Re: Odd ENOMEM being returned in 3.8-rcX

From: Clark Williams
Date: Fri Feb 08 2013 - 17:11:19 EST


On Fri, 8 Feb 2013 16:27:26 -0500
Josh Boyer <jwboyer@xxxxxxxxxx> wrote:

> On Fri, Feb 08, 2013 at 12:45:47PM -0800, Eric W. Biederman wrote:
> > Josh Boyer <jwboyer@xxxxxxxxxx> writes:
> >
> > > < Two emails fly past each other in the night >
> >
> > Yep.
> >
> > >> My best guess in some dark corner of mock has untested code to unshare a
> > >> pid namespace, and that corner started doing something now that
> > >> unsharing of the pid namespace actually works.
> > >>
> > >> If mock has called unshare(CLONE_NEWPID).
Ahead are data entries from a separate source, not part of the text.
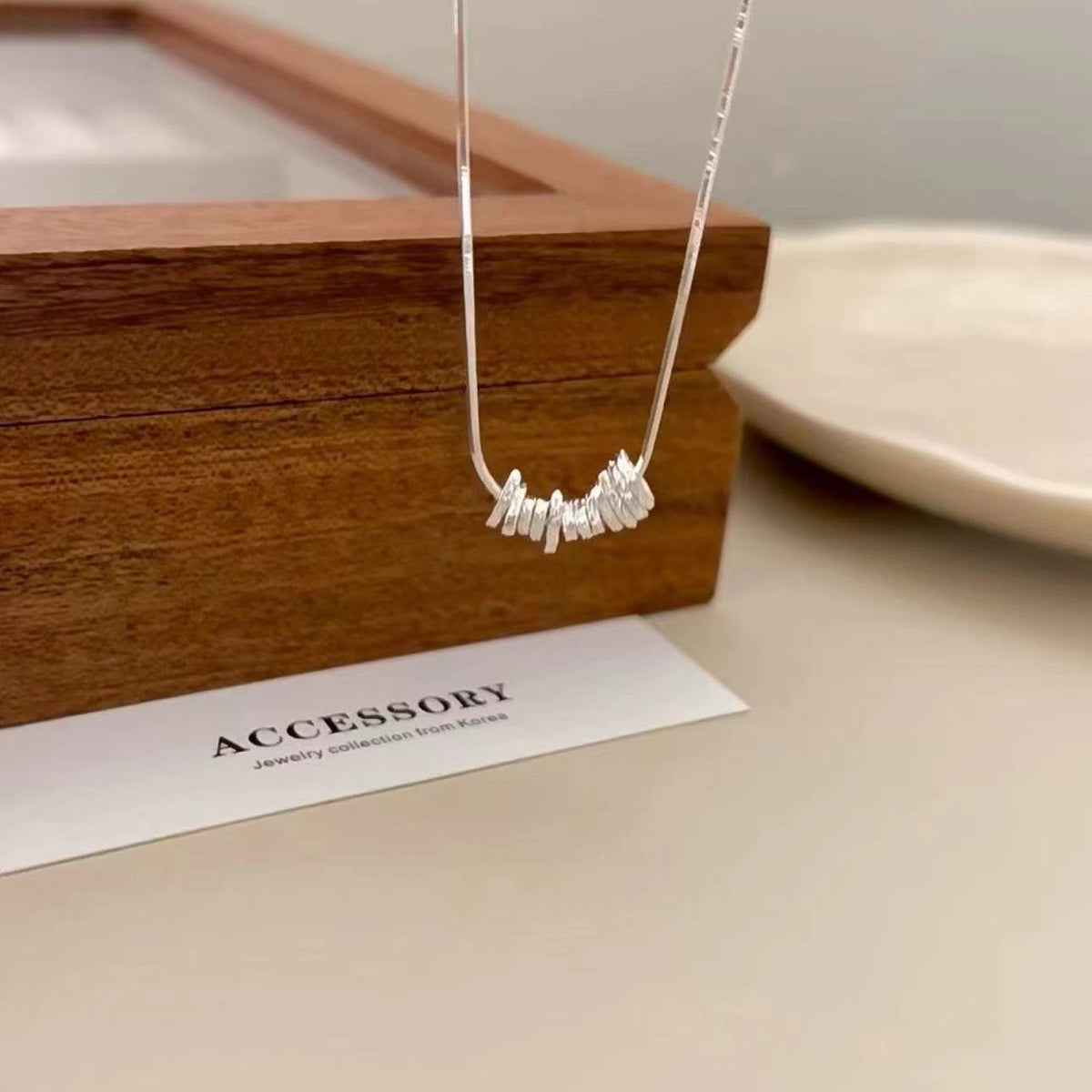Women's Sier Texture Small Pieces Of Irregular Simple Necklace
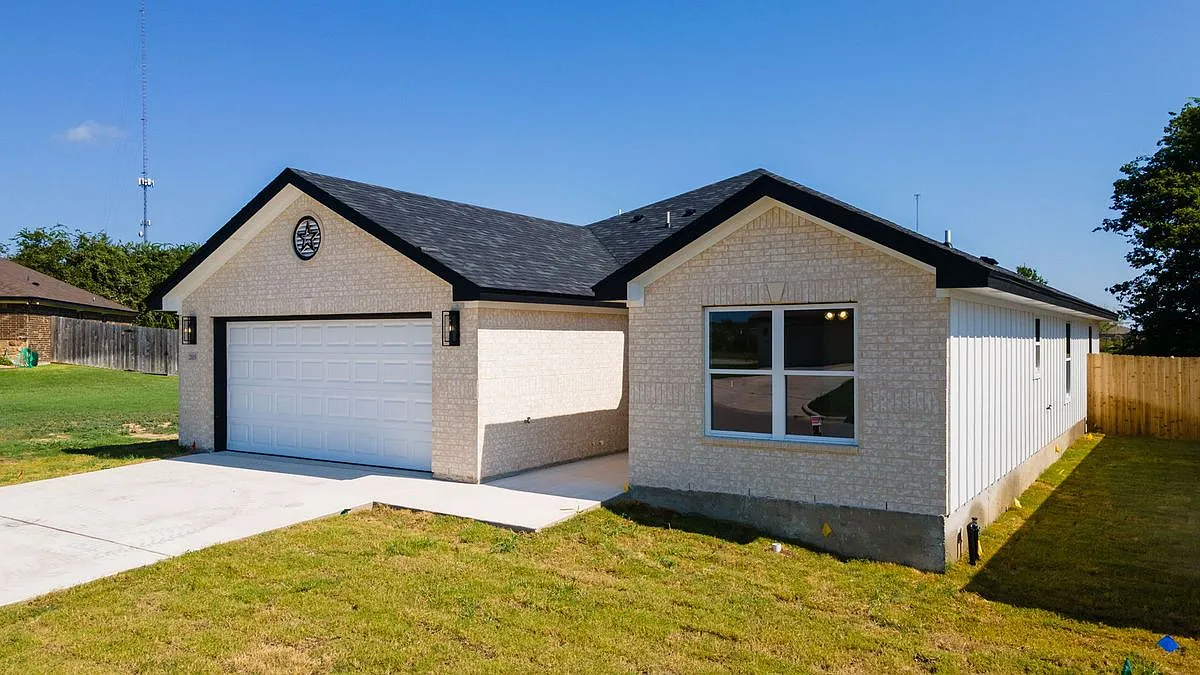 3 bed, 2.0 bath, 1660 sqft, $2,095 — Photo 3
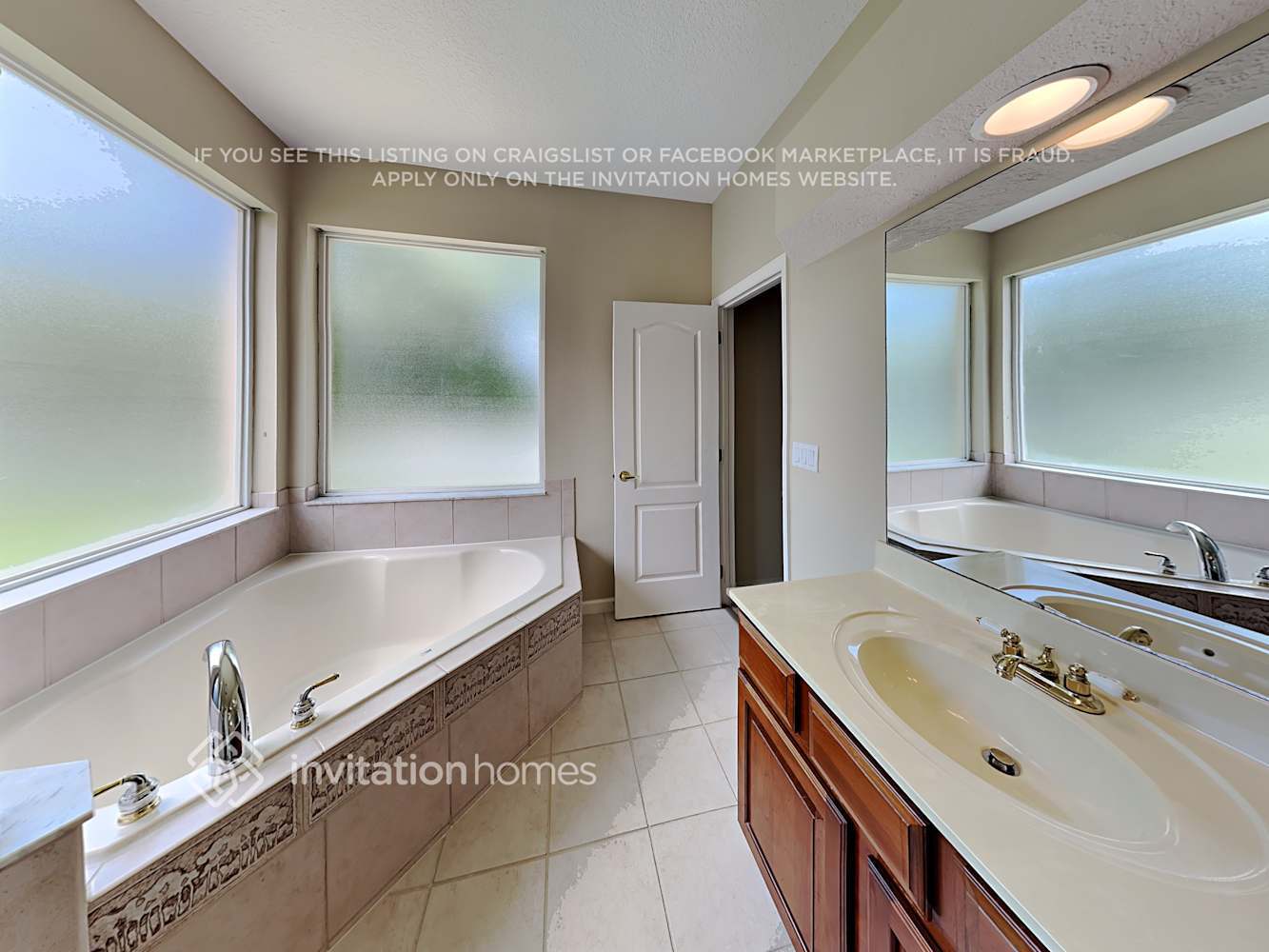 Building Photo - 384 Misty Oaks Run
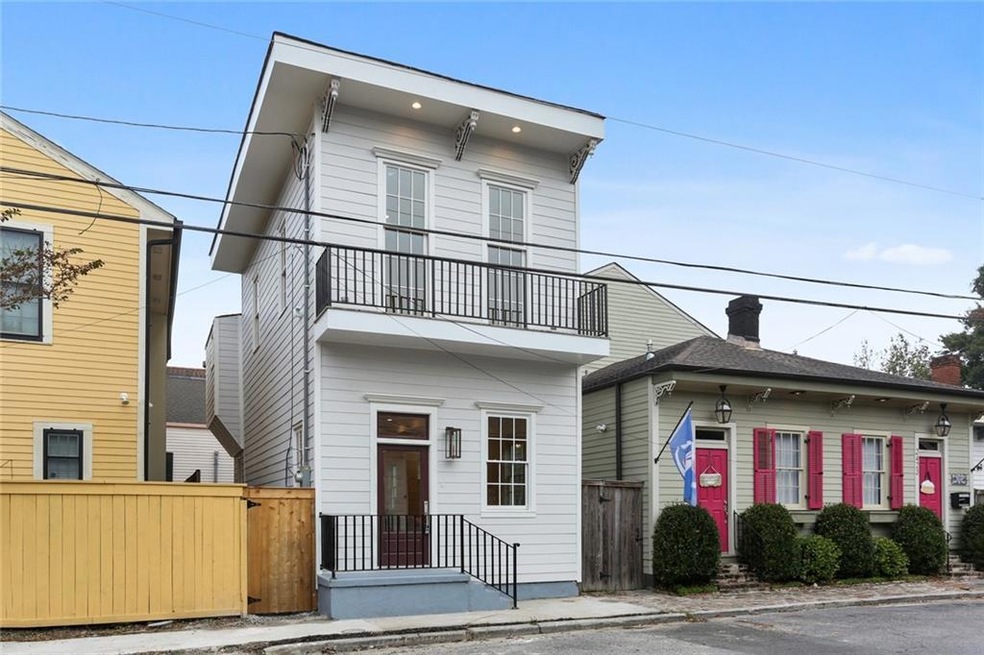 2427 Laurel St, New Orleans, LA 70130 - photo 1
And then forked a process and
> > >> that process exited, and then forked anothe process that second and all
> > >> subsequent fork calls will fail with -ENOMEM (because init has exited in
> > >> the pid namespace). -ENOMEM will be generated because of a failure of
> > >> alloc_pid.
> > >>
> > >> Looking at that code path a little closer that just about has to be it,
> > >> because I goofed and the error path drops the lock but not irqs. The
> > >> patch below should fix the nasty warning and confirm where the code is
> > >> failing in copy_process.
> > >
> > > OK. I'll turn the debug option back on and give this patch a try.
> >
> > Thanks. Your minimal test case also confirms my hunch. But we should
> > fix the error path as well.
> >
> > >> An strace to see which syscalls mock is making and with which flags
> > >> would be very interesting. I am almost certain that there is a
> > >> unshare(CLONE_NEWPID) somewhere in there. But in a remote corner of
> > >> possibility it could weird clone flags, or something else.
> > >
> > > Oh, I have that but it's a python app with a helper C app and it's a...
> > > verbose strace. It's here for one failure:
> > >
> > > http://jwboyer.fedorapeople.org/pub/mock-strace
> > >
> > > Hopefully the testcase from my other email will help though. It's much
> > > simpler.
> >
> > Yes. Your other test case confirms my patch you bisected this to is
> > working correctly.
> >
> > >> Beyond that I suspect we want to work with the mock folks so they get
> > >> their code to use a pid namespace working the way they intended.
> > >
> > > Right. CC'd Clark (for real this time).
> > >
> > > I'll let you know on the patch.
>
> The patch appears to work as expected. With CONFIG_DEBUG_ATOMIC_SLEEP
> set I don't see the backtrace error. That should go in.
>
> > Cool. Looking at the strace I can't figure out what mock expected
> > to happen or how mock was working before this. As mock is calling
> > unshare(CLONE_NEWNS|CLONE_NEWUTS|CLONE_NEWIPC|CLONE_NEWPID) all in one
> > go.
> >
> > Previous to my patch enabling CLONE_NEWPID that would cause the unshare
> > to fail.
>
> Oh. Indeed. On a kernel without the commit in question I see this from
> mock:
>
> DEBUG: Unsharing. Flags: 738328576
> DEBUG: unshare(738328576) failed, falling back to unshare(67239936)
> DEBUG: Unsharing. Flags: 67239936
>
> So it's trying with NEWPID and that fails, so it falls back to just
> NEWNS | NEWUTS. That explains it working.
>
> > So it looks mock is taking a buggy untested code path and things are not
> > working as it expected.
>
> Quite possibly, yes. I instrumented the kernel a bit and it is indeed
> failing in the alloc_pid call.
>
> Clark, thoughts here?
>
> josh

The more I look at that the more I think I should nuke CLONE_NEWPID in
mock. It came in with a commit that added NEWIPC, which I think is valid
for mock managing a chroot, but we're not looking to do full-up
containers at this point and it looks like containers is the only place
you'd want to start a new set of pids.

I'll do that and run some tests to make sure I'm not depending on
something there (doubtful since it looks like it never really worked
and that we've always been using the base flags).

Clark

Attachment: signature.asc
Description: PGP signature